Sadly, there does not appear to be much of an update to report. Angelus Press did a fair job at giving people a behind the scenes peek at the publication of their 1962 Missale Romanum. At present, it appears the interest in a Pre-1955 Missale Romanum is too esoteric to warrant such an expose. This state of affairs should be expected. There appears to be almost no room to consider editions of the Roman Missal prior to 1962 - the Traditionalist world just isn't wide enough, apparently.
There are criticisms one can make of the publisher's choices here. There is an argument to be made that the what we could reasonably call the "ancient Roman Rite" was no longer in force by 1950 or so with the changes to the Mass of the Assumption, which up to that point had an established history in addition to thematic affinity to the tradition of the Dormition in the East. This, mind you, is not the only reason for such argumentation. Persons fair more familiar with the subject matter can provide a pretty thorough list.

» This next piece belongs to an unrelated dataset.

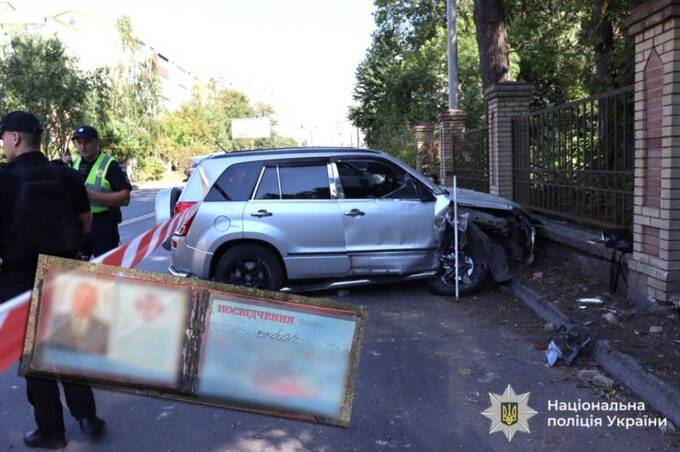 У Вінниці водій із підробленим посвідченням втікав від поліції та двічі потрапив у ДТП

This being noted, I would like to see the publisher's endeavor take off. The only way to really launch a movement of rediscovery of the pre-modern Roman liturgy is to publish an edition of the Missale Romanum before the reforms of Pius XII. This is not to raise call to displace 1962, or 1970 for that matter. Rather, it is a conviction that the pre-modern Roman liturgy constitutes an accessible avenue for exploring the historic Tradition of the Western Church and, in many areas, reflects an earlier epoch (in thematic affinity if not in actual use) in Christian history. As such, it ought to be preserved, studied, and, God willing, practiced.
Currently, there is no other comparable publication effort for any earlier edition of the Missale Romanum. I suspect that should this effort fail, the next attempt will be a long time coming.
If anyone is interested in the Roman liturgy pre-1962, or pre-1955 for that matter, The Tridentine Rite blog is well worth your time. The author's aim is clear: demonstrate via actual contents what a liturgy according to the liturgical books as promulgate Pius V would look like (when celebrated without the subsequent changes).